---------- DATA TO USE ----------
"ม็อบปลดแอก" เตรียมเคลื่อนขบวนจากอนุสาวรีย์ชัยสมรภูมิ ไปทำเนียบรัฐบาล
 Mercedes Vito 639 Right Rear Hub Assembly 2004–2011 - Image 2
----------
---------- DATA TO USE ----------
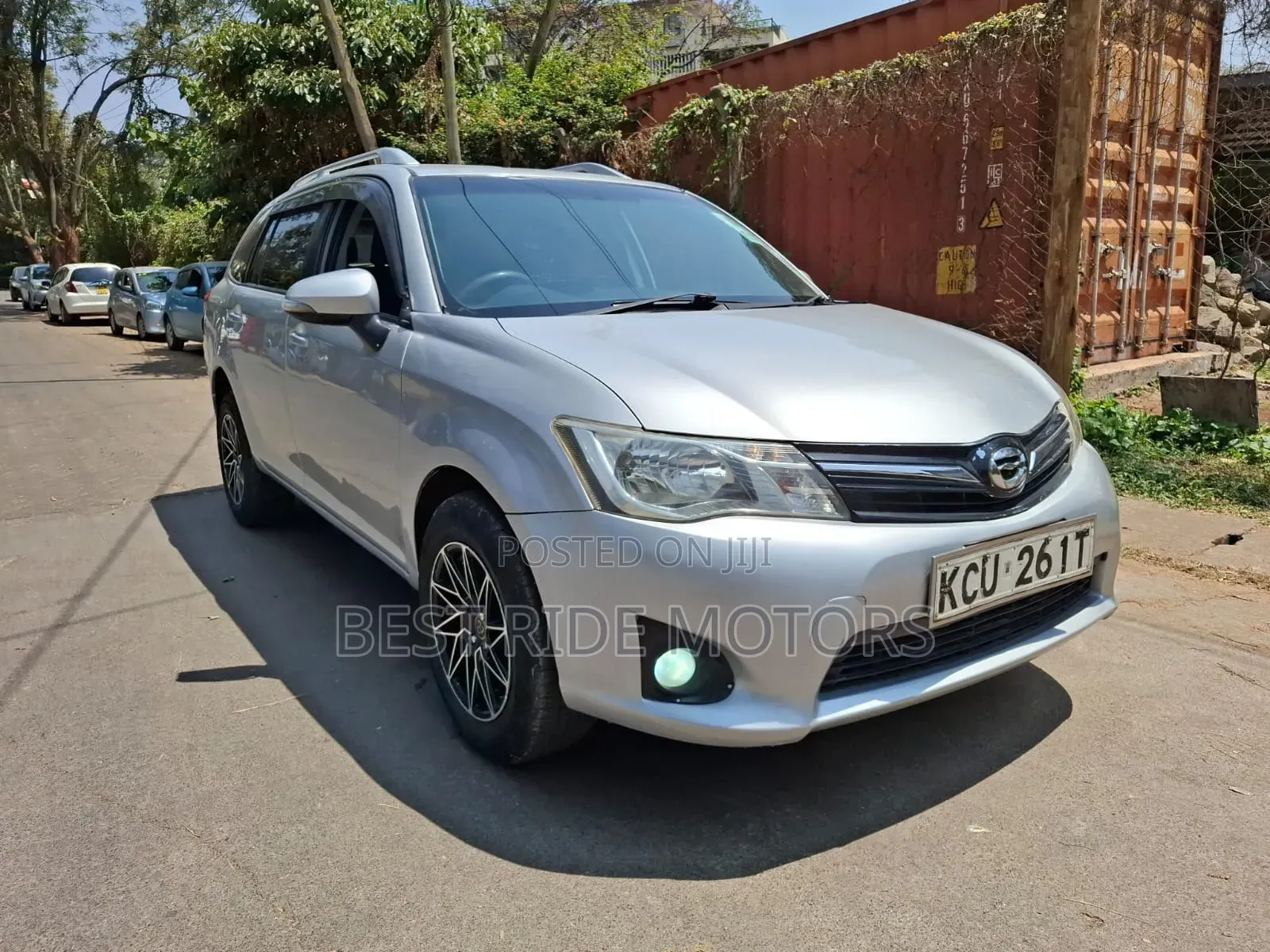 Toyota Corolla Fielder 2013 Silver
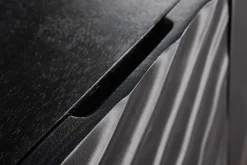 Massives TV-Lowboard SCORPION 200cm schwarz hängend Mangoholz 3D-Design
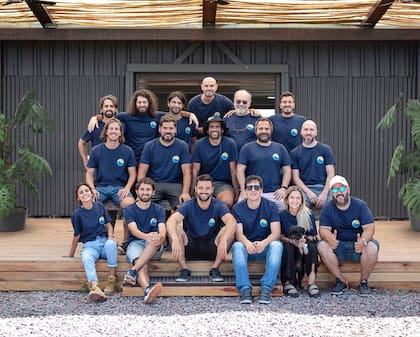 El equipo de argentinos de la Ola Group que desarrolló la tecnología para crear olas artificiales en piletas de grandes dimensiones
----------
---------- DATA TO USE ----------
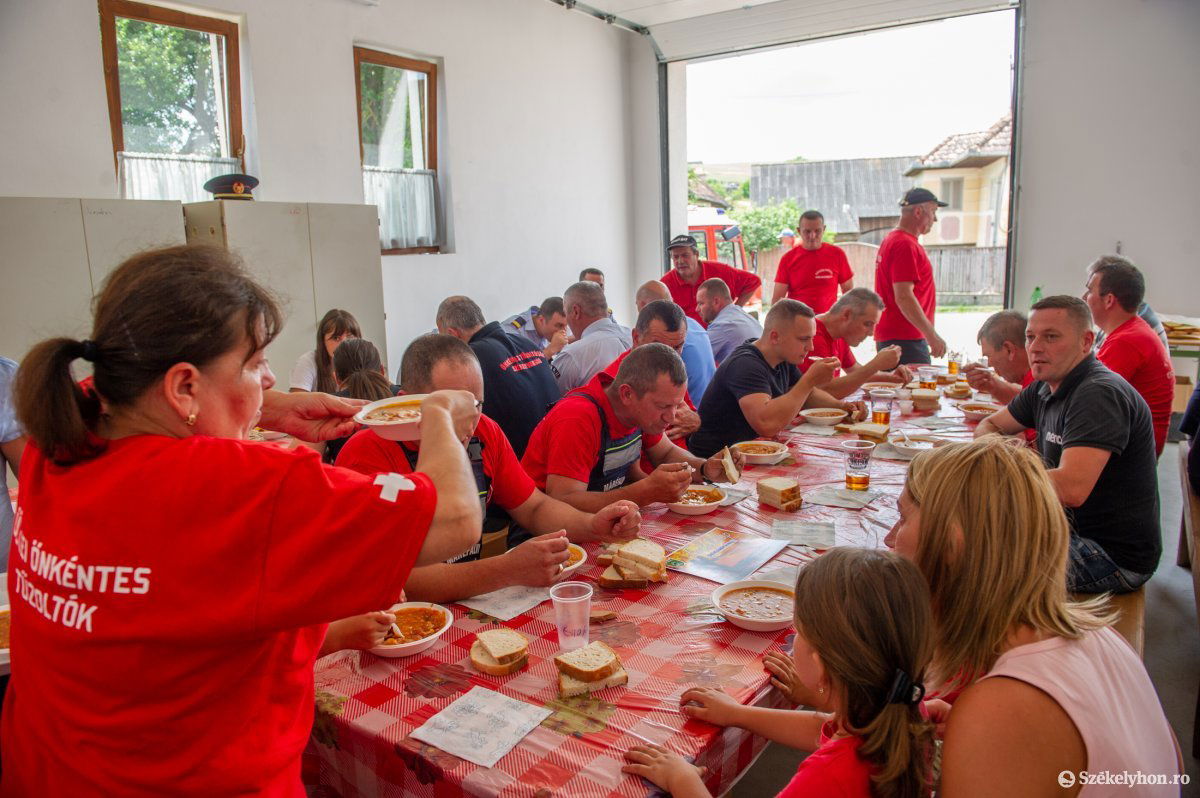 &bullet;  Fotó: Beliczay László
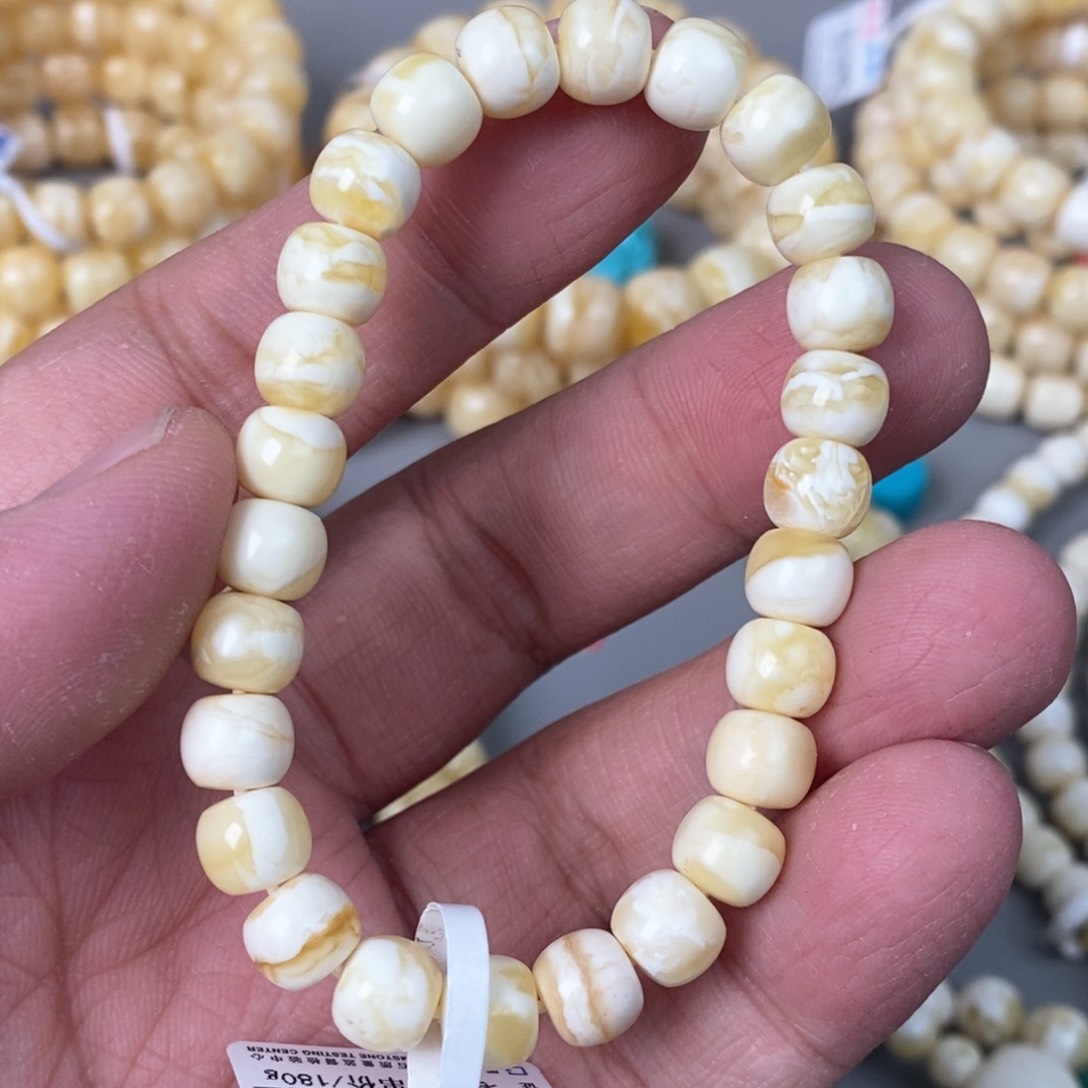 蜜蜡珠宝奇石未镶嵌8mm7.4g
----------
*AIM OF THE TASK:* Restate word for word the lines of the data above that begin at the line with "Toyota Corolla Fielder 2013 Silver" and end at the line with "El equipo de", keeping both ends and dropping every picture.

*OUTPUT BELOW:*
 Toyota Corolla Fielder 2013 Silver
 Massives TV-Lowboard SCORPION 200cm schwarz hängend Mangoholz 3D-Design
 El equipo de argentinos de la Ola Group que desarrolló la tecnología para crear olas artificiales en piletas de grandes dimensiones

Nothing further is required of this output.